[Data items]
################

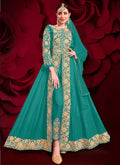 Sea Green Golden Embroidered Slit Style Anarkali Pant Suit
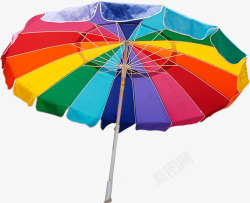 摄影彩虹色的遮阳伞素材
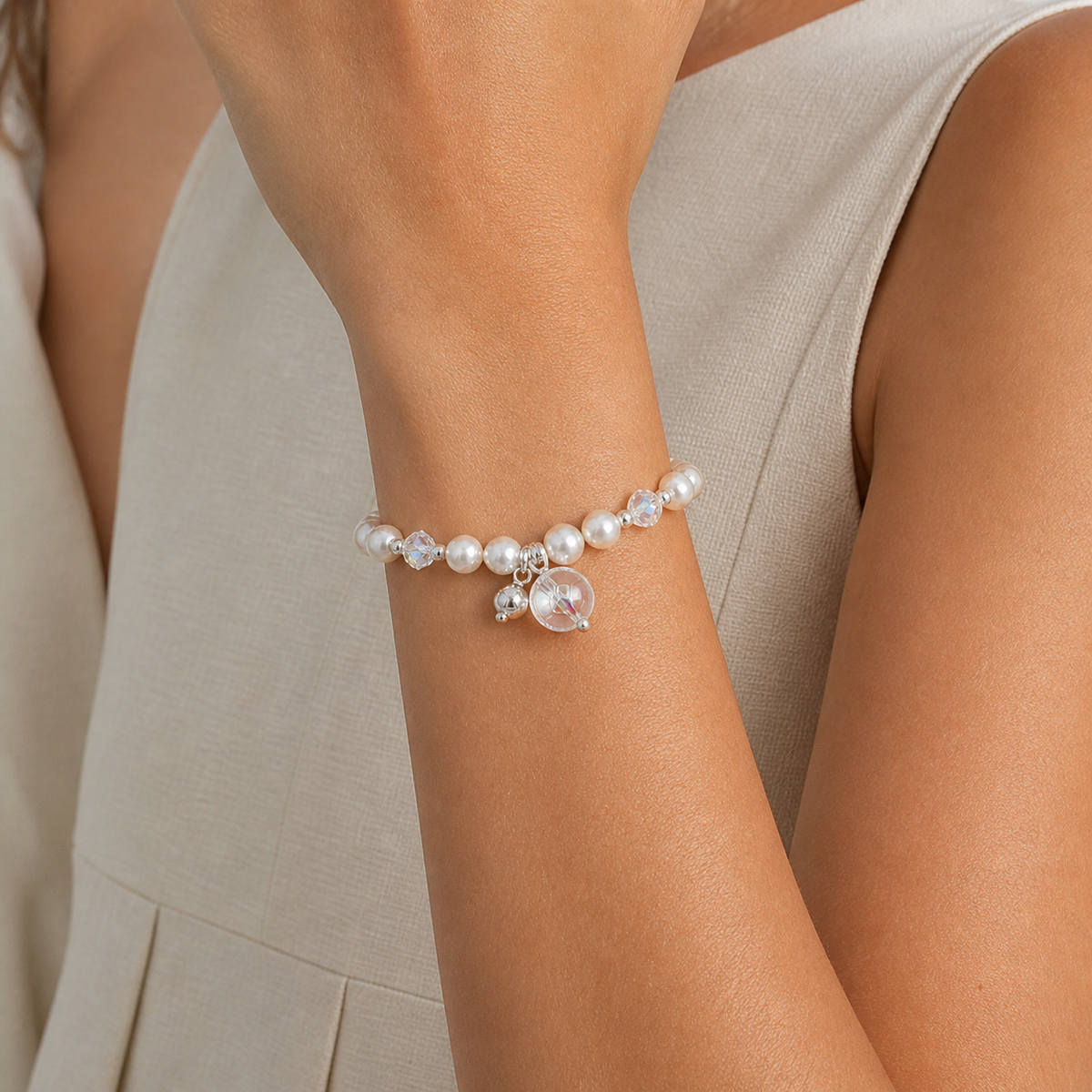 Iridescent Heart Bracelet — worn view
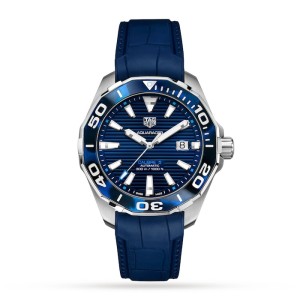 TAG Heuer Aquaracer Men Automatic Blue Rubber Watch WAY201P.FT6178
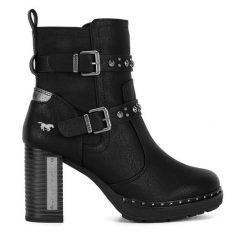 Botki Mustang. Czarne botki damskie Mustang, bez obcasa, na słupku, bez zapięcia. Za 279.99 zł.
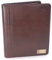Catwalk Collection Handbags - Damen A5 Leder Notizbuchtasche - Schreibmappe mit Reißverschluss - Passend für Tablet und Notizbuch - ANGELA - Braun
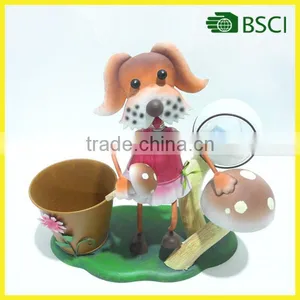 YS15121 Metal Dog Planter Solar Led Flower Pot Light thumbnail-1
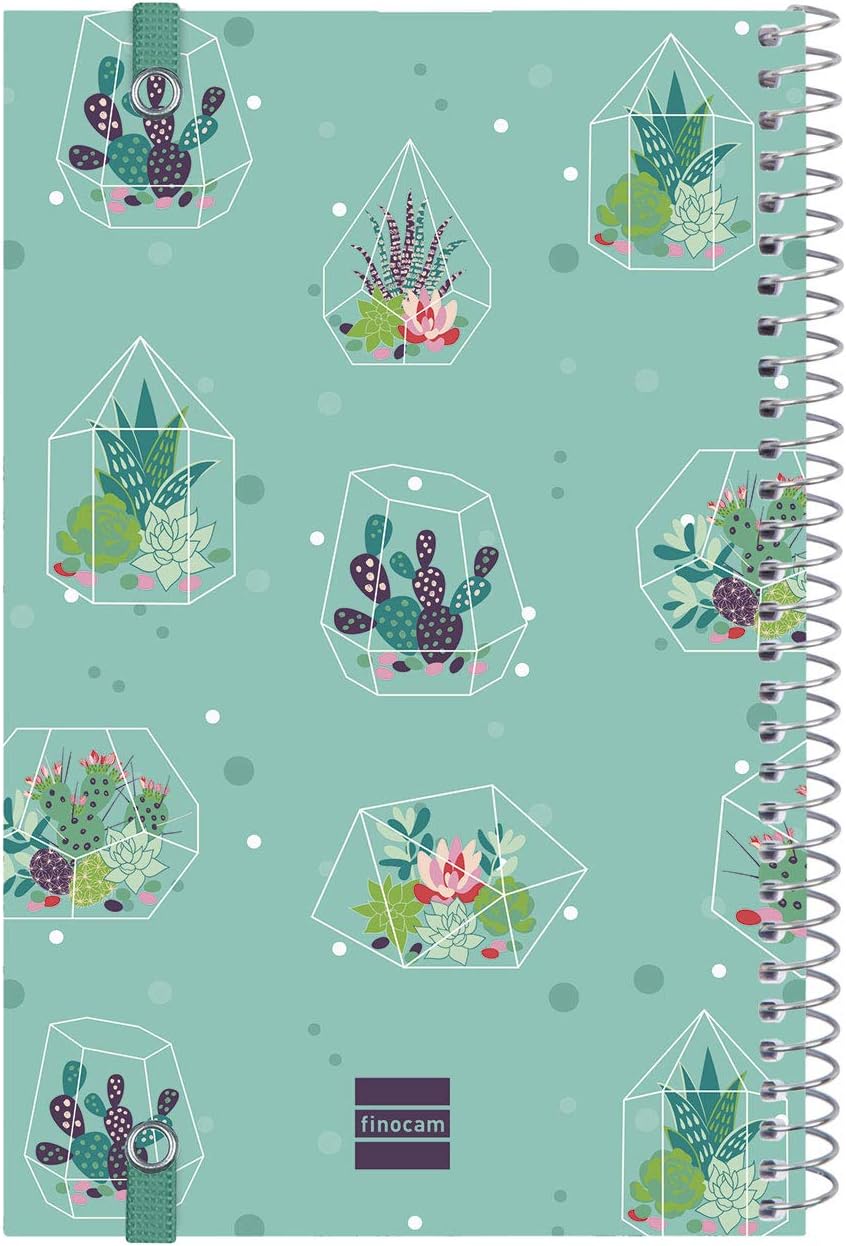 Finocam - 2020 Week to View Landscape Spiral Design Collection Spanish Cactus, Week Landscape View, Mediano - E5 - 117x181 mm - Image 3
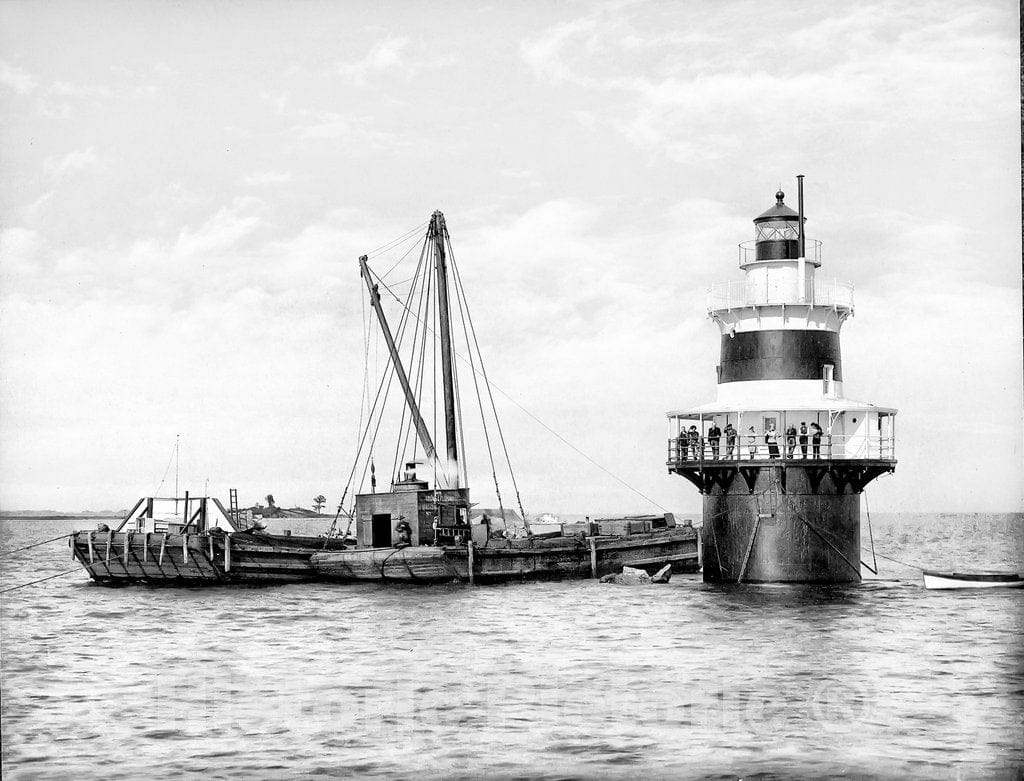 Connecticut Historic Black & White Photo, Peck's Ledge Lighthouse, Norwalk, c1906 -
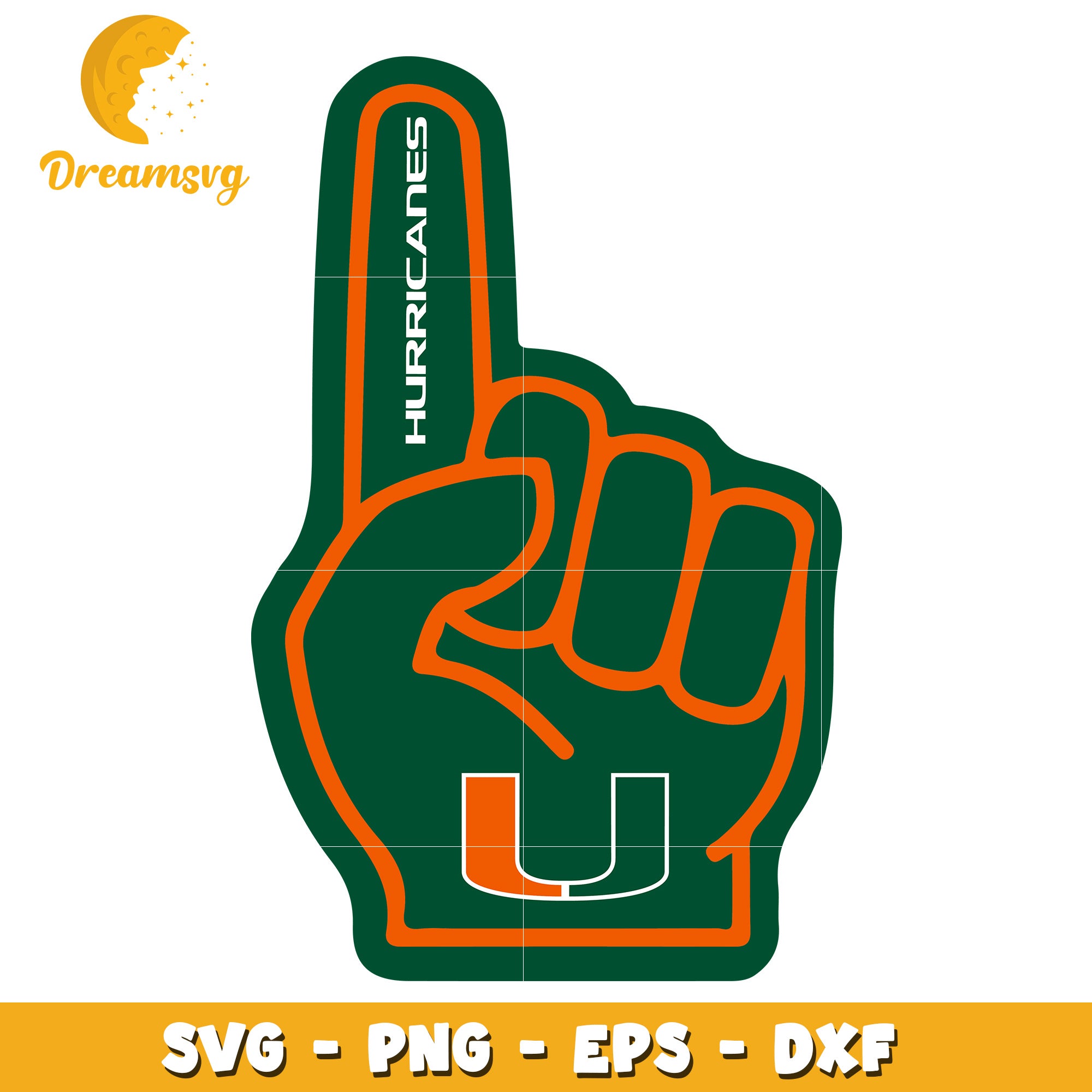 Miami Hurricanes Foam Finger SVG PNG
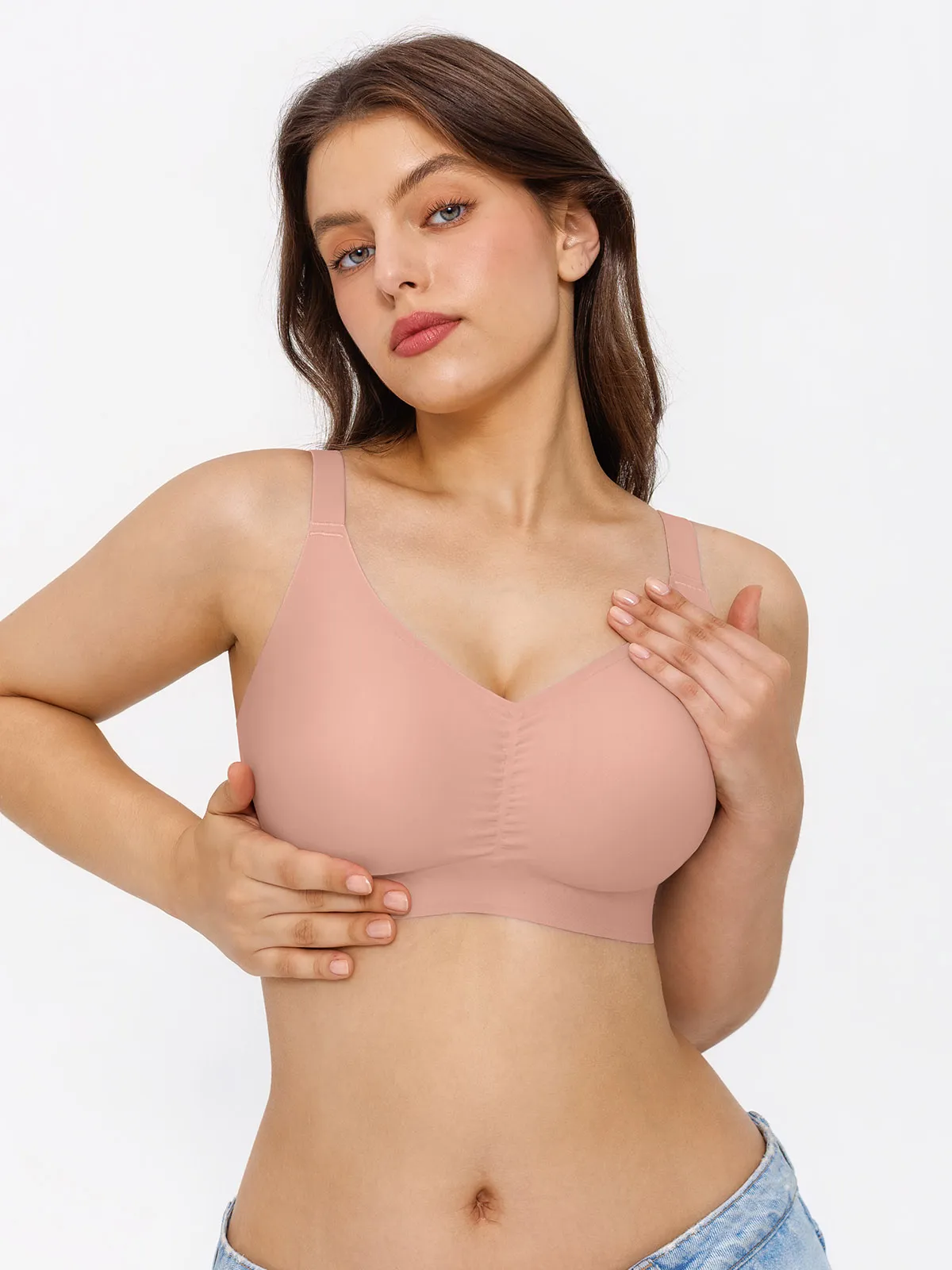 Seamless Wireless Ruched Comfort Minimizer Bra - Image 27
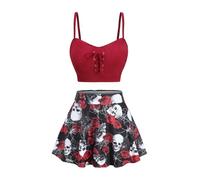 ROSE GAL Plus Size Womens Gothic Three Piece Bikini Set Swimsuits Padded Lace-up Cami Bikini Top & Full Coverage Briefs & High Waisted Skulls Skirt 3 Piece Bathing Suit Tummy Control(Red_1/3X)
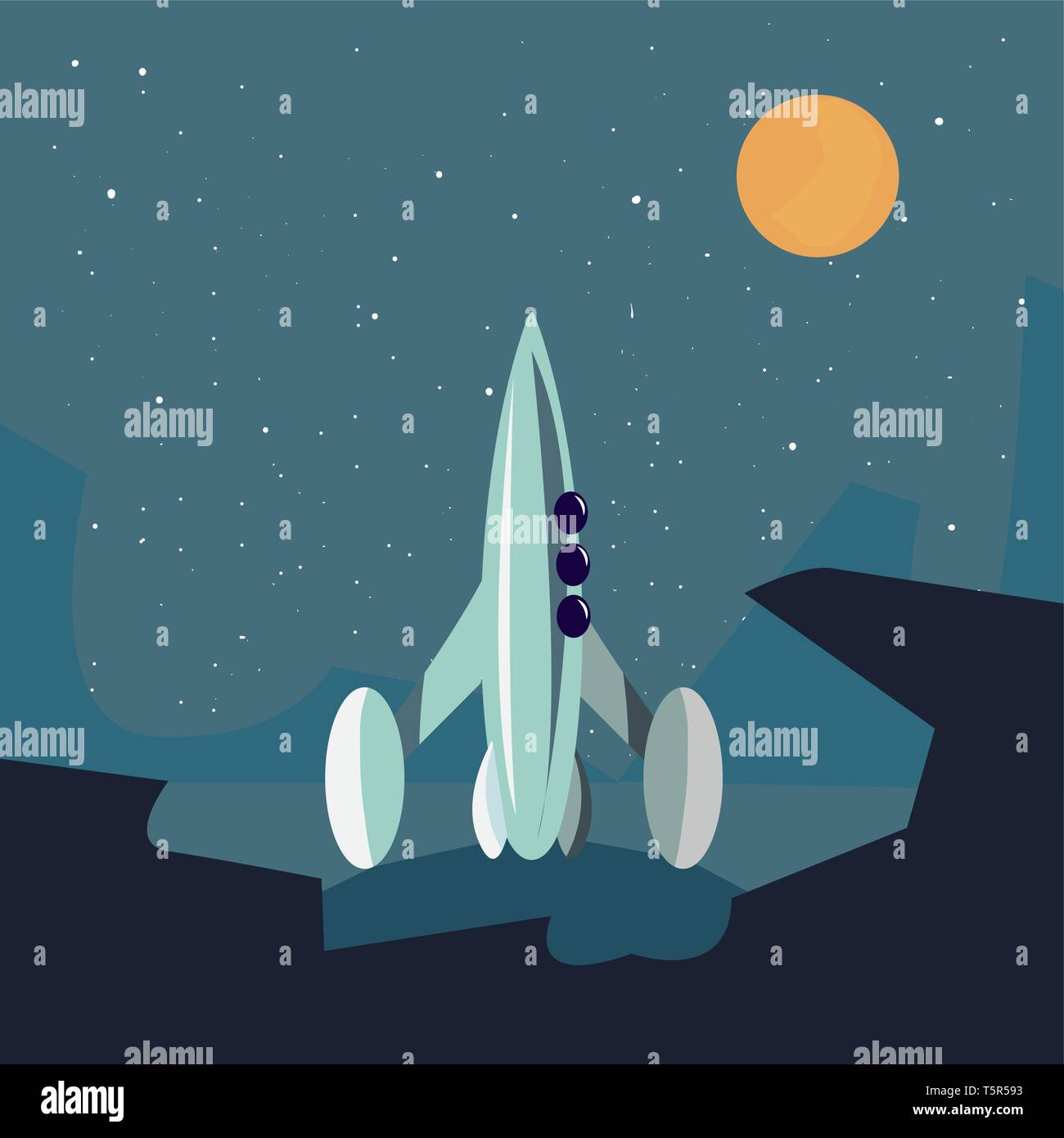 spaceship on planet surface explorer vector illustration Stock Vector ...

################

** WHAT YOU NEED TO DO **
Transcribe exactly the lines from the one with "Iridescent Heart Bracelet — worn view" to the last line of the records, both included, so that no picture appears in the copy.

** ANSWER BELOW **
 Iridescent Heart Bracelet — worn view
 TAG Heuer Aquaracer Men Automatic Blue Rubber Watch WAY201P.FT6178
 Botki Mustang. Czarne botki damskie Mustang, bez obcasa, na słupku, bez zapięcia. Za 279.99 zł.
Catwalk Collection Handbags - Damen A5 Leder Notizbuchtasche - Schreibmappe mit Reißverschluss - Passend für Tablet und Notizbuch - ANGELA - Braun
 YS15121 Metal Dog Planter Solar Led Flower Pot Light thumbnail-1
 Finocam - 2020 Week to View Landscape Spiral Design Collection Spanish Cactus, Week Landscape View, Mediano - E5 - 117x181 mm - Image 3
 Connecticut Historic Black & White Photo, Peck's Ledge Lighthouse, Norwalk, c1906 -
 Miami Hurricanes Foam Finger SVG PNG
 Seamless Wireless Ruched Comfort Minimizer Bra - Image 27
 ROSE GAL Plus Size Womens Gothic Three Piece Bikini Set Swimsuits Padded Lace-up Cami Bikini Top & Full Coverage Briefs & High Waisted Skulls Skirt 3 Piece Bathing Suit Tummy Control(Red_1/3X)
 spaceship on planet surface explorer vector illustration Stock Vector ...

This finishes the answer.